Anggit datang tergesa lima menit kemudian, seperti biasa mereka selalu berciuman sebentar. Sangat menjijikkan jika saja ada orang yang tahu bahwa keduanya bukan pasangan suami istri.

"Ada apa?" tanya Sandra saat Anggit sudah terlihat duduk dengan tenang di sofa cafe tempat favorit mereka bertemu.

"Pacar kamu ... ngajak Rea keluar makan siang tadi."

"Apa?? Devon? Kamu serius?"

"Rea menelponku bilang pamit mau keluar sama pacarmu."

"Tapi itu nggak mungkin, Git. Mereka berdua nggak deket. Setauku Rea aja baru beberapa kali ketemu Devon. Bagaimana mungkin?" Sandra  bahkan tidak ingat kalau Rea dan Devon pernah saling bicara. Seingat Sandra mereka mungkin baru 3 atau 4 kali saja bertemu selama dia jalan dengan lelaki itu. 

"Nyatanya seperti itu," ujar Anggit. "Apa yang terjadi sama kalian berdua? Kamu sama pacarmu itu." tanyanya dengan ekspresi sedikit cemas.

Sandra nampak menghela nafas panjang. "Sebenarnya kemarin dia lihat kita. Waktu kita pulang dari hotel. Dan dia marah banget."

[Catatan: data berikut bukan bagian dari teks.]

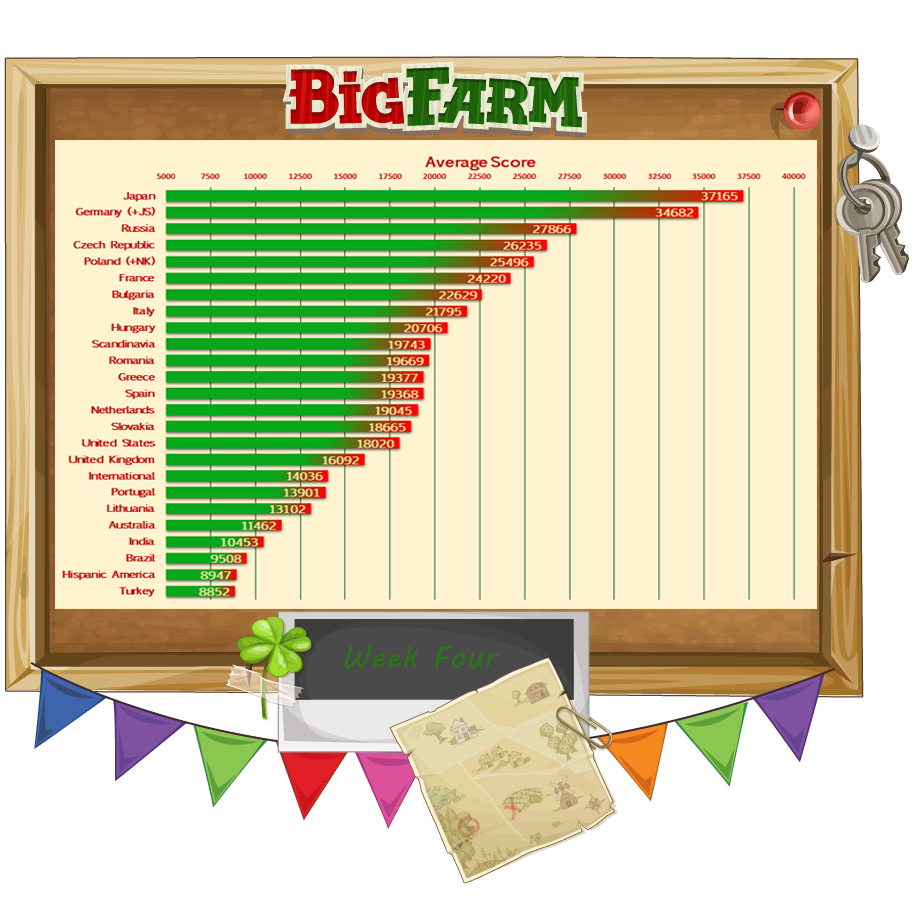 Image: https://us.v-cdn.net/6025126/uploads/editor/uq/am2f7ajzbh78.png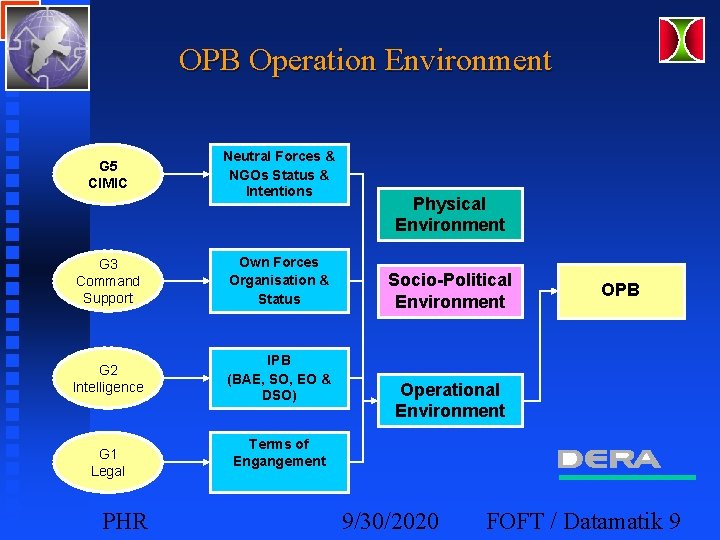 OPB Operation Environment G 5 CIMIC Neutral Forces & NGOs Status & Intentions G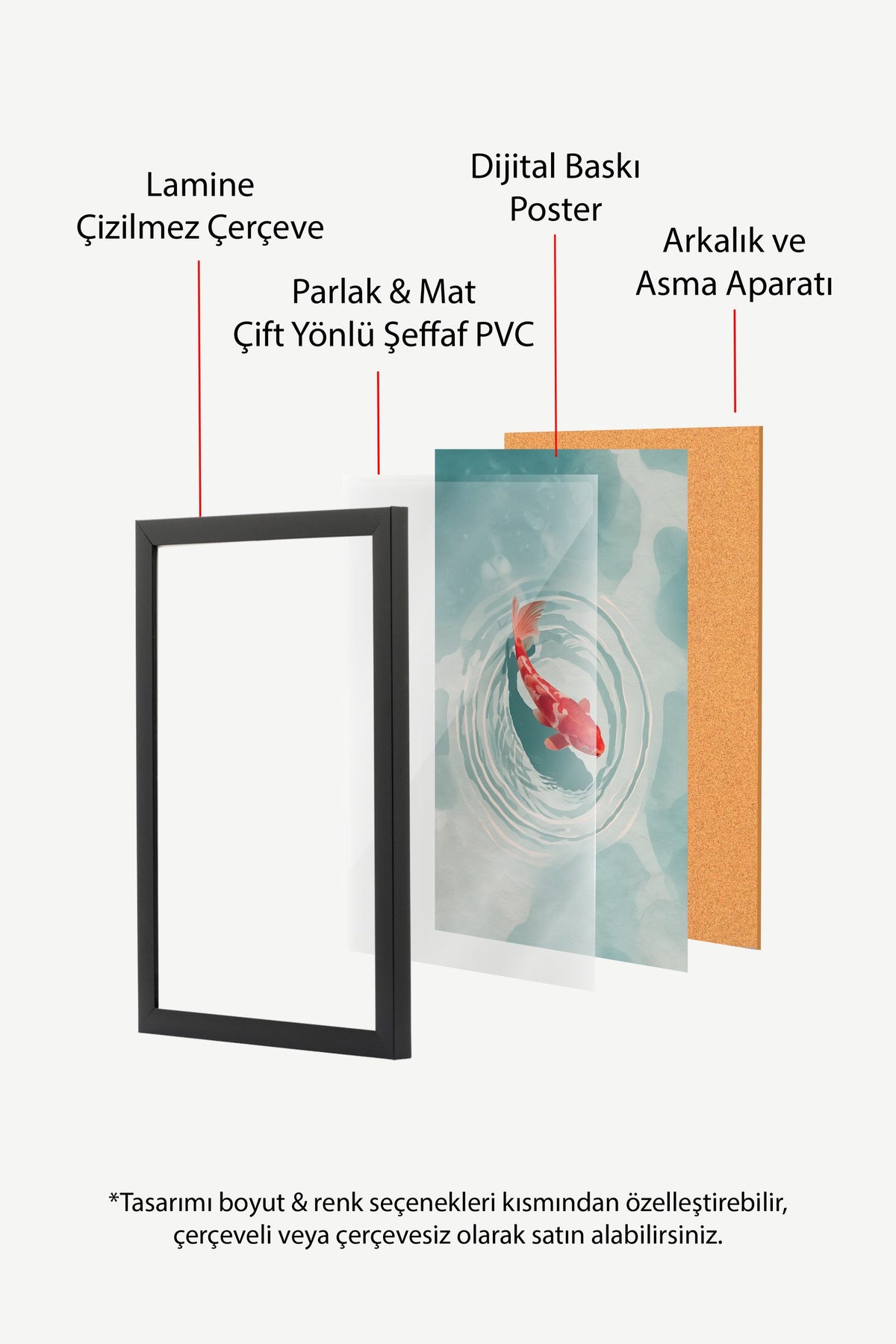 Su Üzerinde Koi Balığı Poster – Siyah Çerçeveli Tablo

"Lalu menurutmu apa maksud dia menemui Rea? Apa dia mau bilang ke Rea soal hubungan kita?" Wajah Anggit memucat. Dia bisa membayangkan apa yang akan terjadi nanti saat dia pulang. Rea pasti akan sangat marah dan dia belum siap menerima itu.

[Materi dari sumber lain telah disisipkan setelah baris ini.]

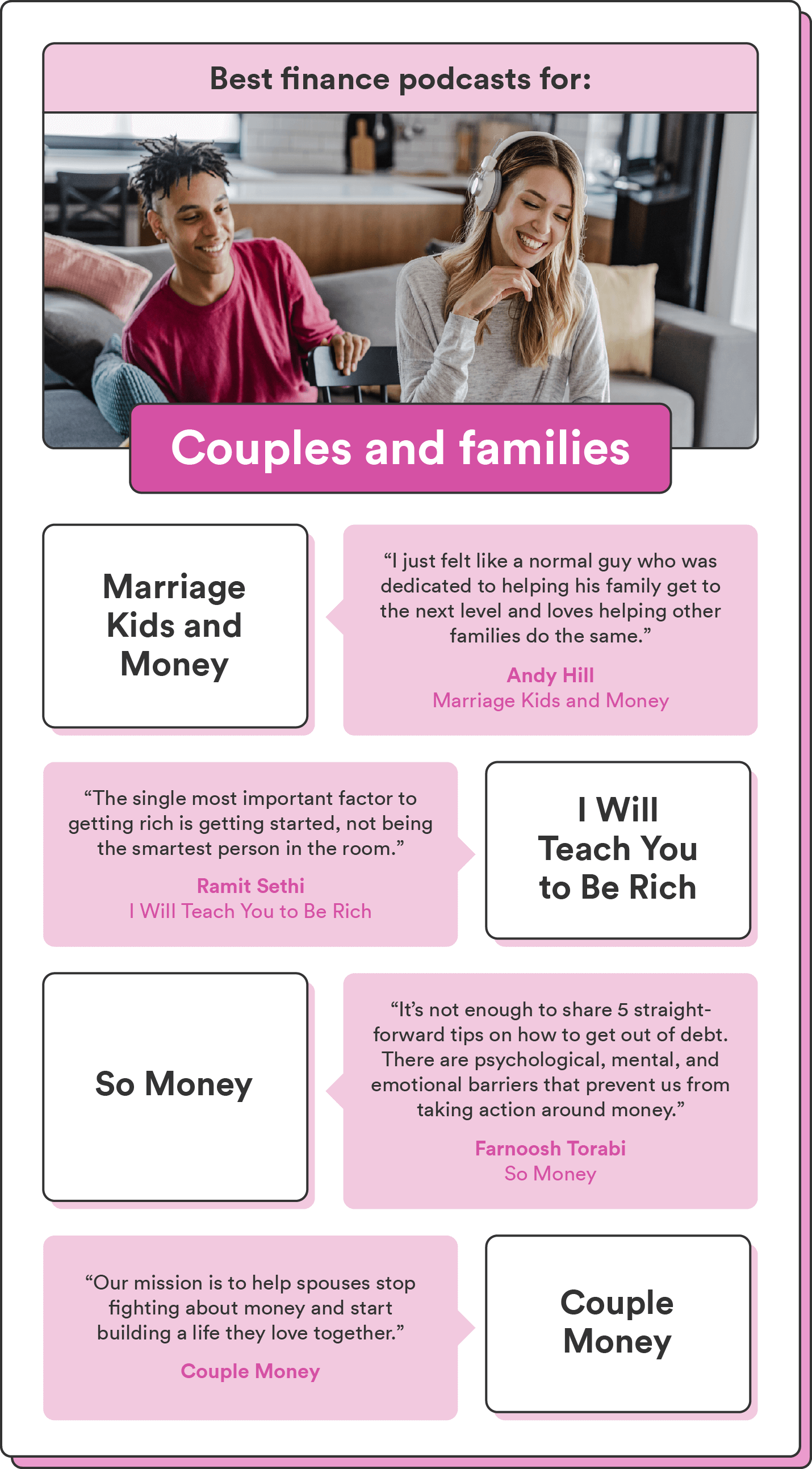 An image of a couple sitting and laughing together accompanies an illustrated list of the best finance podcasts for couples and families. 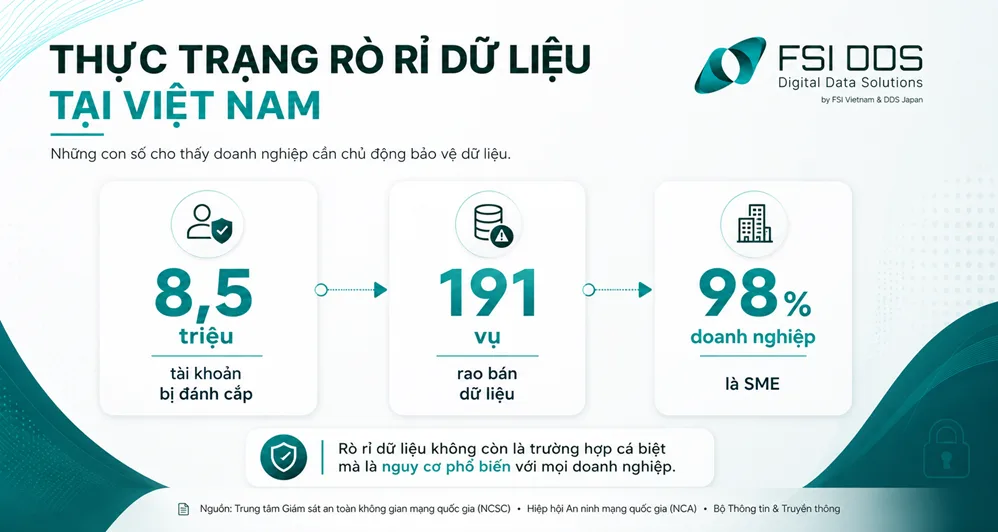 Thực trạng rò rỉ dữ liệu tại Việt Nam năm 2025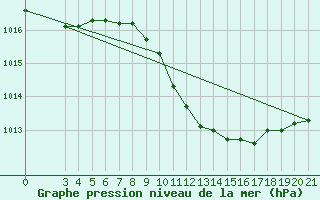 Courbe de la pression atmosphrique pour Bilogora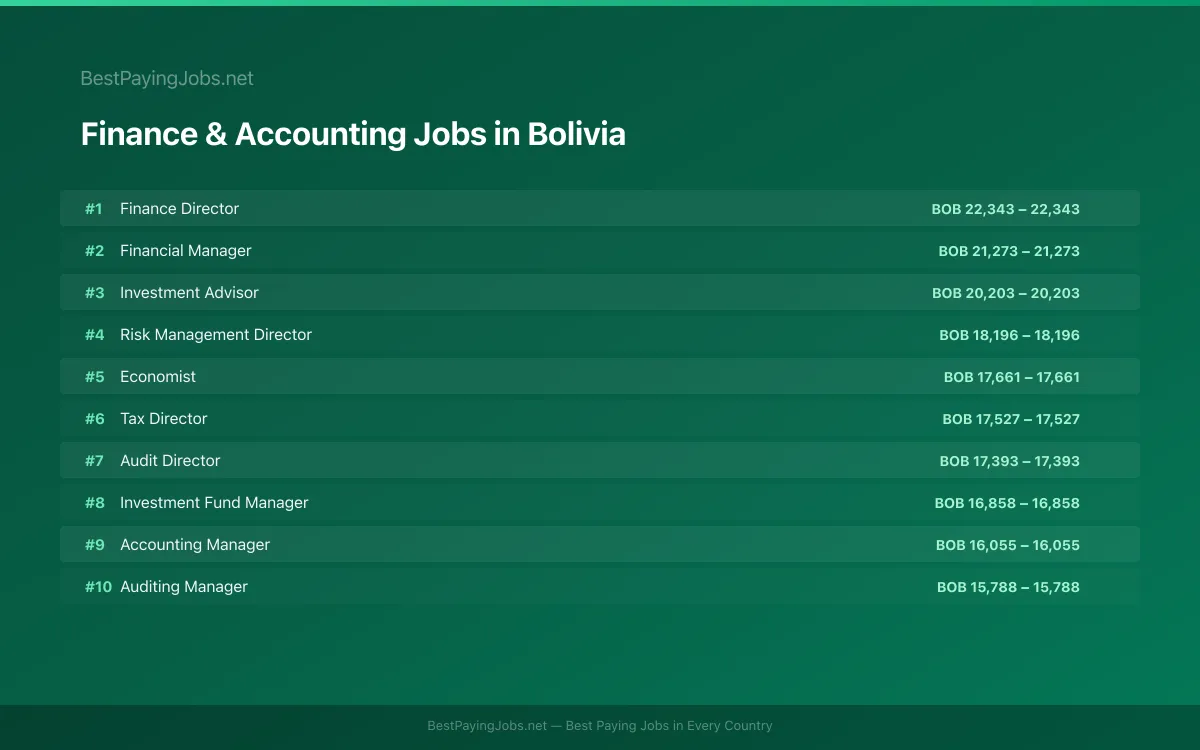 Finance & Accounting salary data for Bolivia Highest paying Finance & Accounting jobs in Bolivia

"Tidak mungkin!" Mata Sandra membelalak. Dia mendadak ikut membayangkan apa yang akan Rea katakan padanya kalau tahu dia telah main belakang dengan suaminya. Sejujurnya, dia belum ingin Rea tahu. Setidaknya bukan sekarang, ini masih terlalu cepat, dia dan Anggit bahkan belum ada sebulan memulai hubungan mereka.

☆☆☆

Devon kembali ke kantornya setelah mengantarkan Rea pulang. Berbagai perasaan berkecamuk di dadanya, antara kasihan dengan wanita itu, malu karena sempat berpikir dia bisa memanfaatkan wanita yang bahkan sama sekali tidak mengerti apapun tentang masalah sedang menimpanya, juga perasaan suka. Entahlah, Devon merasa wanita itu sangat menyenangkan. Dia sempat salah menilai bahwa Rea mungkin adalah wanita membosankan yang menyebabkan suaminya berpaling. Menurut Devon, Rea tidak seperti itu.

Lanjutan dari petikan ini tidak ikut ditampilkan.